Task statement: Once you find the line with "Beach chair lounge" in the data that follows, repeat it and every line after it exactly, through the line with "used 2015 Jeep".

Entries shown:
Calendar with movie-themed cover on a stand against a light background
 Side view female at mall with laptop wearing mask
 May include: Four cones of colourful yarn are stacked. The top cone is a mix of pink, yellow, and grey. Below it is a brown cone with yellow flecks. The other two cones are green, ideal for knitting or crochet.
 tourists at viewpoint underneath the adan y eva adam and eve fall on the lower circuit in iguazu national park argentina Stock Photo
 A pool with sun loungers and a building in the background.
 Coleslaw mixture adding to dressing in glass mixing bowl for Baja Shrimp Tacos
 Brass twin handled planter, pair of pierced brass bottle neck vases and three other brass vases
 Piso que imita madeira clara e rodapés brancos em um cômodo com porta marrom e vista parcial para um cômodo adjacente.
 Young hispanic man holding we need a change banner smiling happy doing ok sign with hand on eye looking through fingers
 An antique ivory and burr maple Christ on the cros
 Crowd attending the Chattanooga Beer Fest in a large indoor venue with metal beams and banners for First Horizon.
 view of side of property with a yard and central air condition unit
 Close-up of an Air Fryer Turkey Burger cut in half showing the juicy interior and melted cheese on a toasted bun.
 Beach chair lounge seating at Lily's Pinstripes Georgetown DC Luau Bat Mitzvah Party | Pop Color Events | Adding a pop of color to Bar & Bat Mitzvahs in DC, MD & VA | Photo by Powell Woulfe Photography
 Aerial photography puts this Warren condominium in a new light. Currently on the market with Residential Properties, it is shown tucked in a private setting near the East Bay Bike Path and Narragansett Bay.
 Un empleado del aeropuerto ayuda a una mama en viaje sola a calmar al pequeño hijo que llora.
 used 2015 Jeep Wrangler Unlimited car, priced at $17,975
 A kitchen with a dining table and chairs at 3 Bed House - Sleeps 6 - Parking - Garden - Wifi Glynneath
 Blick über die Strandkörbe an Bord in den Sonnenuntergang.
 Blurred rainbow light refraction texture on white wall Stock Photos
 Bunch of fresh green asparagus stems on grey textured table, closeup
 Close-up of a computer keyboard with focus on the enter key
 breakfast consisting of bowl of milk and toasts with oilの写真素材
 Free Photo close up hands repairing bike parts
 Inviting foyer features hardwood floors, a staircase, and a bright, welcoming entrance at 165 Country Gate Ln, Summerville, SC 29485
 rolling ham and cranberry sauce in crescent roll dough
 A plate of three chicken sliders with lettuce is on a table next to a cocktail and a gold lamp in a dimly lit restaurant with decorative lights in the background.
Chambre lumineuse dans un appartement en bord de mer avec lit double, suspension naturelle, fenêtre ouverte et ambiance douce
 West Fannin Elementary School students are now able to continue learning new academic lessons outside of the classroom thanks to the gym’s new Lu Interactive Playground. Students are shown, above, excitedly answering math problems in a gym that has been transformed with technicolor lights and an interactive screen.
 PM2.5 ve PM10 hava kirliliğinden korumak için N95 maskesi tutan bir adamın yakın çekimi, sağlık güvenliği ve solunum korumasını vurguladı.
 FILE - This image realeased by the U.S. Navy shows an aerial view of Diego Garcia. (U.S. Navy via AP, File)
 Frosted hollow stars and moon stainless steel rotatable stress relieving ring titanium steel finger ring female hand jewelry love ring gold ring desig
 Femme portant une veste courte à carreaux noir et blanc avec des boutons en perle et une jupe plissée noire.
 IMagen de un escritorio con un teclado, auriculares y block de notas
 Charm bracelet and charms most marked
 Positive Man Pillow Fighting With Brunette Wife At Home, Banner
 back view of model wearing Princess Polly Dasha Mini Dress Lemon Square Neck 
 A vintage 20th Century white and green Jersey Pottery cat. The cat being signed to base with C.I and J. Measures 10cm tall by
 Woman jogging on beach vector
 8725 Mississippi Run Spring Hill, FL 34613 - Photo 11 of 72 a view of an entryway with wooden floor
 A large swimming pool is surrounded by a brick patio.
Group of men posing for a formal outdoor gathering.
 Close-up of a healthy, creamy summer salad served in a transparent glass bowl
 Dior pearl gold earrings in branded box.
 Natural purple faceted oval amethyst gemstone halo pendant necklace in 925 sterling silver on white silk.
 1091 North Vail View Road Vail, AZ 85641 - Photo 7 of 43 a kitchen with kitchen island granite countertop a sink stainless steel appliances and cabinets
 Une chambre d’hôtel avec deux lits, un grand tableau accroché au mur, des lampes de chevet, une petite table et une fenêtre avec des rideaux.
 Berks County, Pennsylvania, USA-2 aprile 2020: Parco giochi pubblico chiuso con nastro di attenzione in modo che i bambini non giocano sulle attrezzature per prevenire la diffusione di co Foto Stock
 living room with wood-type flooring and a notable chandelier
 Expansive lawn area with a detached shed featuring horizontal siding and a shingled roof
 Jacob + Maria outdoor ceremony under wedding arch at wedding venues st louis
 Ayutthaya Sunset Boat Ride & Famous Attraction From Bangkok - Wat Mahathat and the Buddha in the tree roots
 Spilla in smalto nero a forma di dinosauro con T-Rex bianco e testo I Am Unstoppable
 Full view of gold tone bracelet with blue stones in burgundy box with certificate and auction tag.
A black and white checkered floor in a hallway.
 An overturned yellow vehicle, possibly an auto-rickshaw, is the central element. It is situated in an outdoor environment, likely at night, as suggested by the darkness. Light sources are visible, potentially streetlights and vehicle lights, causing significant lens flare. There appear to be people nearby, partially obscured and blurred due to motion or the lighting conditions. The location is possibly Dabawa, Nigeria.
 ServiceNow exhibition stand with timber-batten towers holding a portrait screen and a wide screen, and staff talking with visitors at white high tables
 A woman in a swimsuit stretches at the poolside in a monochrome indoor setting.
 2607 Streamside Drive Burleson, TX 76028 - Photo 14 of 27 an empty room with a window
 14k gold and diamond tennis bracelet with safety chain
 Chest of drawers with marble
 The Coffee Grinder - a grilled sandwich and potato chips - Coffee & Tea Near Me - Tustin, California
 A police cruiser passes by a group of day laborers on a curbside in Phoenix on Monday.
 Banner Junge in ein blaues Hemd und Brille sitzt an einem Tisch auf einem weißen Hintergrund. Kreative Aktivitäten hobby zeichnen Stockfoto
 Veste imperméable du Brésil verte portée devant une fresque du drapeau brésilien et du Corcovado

Answer space:
 Beach chair lounge seating at Lily's Pinstripes Georgetown DC Luau Bat Mitzvah Party | Pop Color Events | Adding a pop of color to Bar & Bat Mitzvahs in DC, MD & VA | Photo by Powell Woulfe Photography
 Aerial photography puts this Warren condominium in a new light. Currently on the market with Residential Properties, it is shown tucked in a private setting near the East Bay Bike Path and Narragansett Bay.
 Un empleado del aeropuerto ayuda a una mama en viaje sola a calmar al pequeño hijo que llora.
 used 2015 Jeep Wrangler Unlimited car, priced at $17,975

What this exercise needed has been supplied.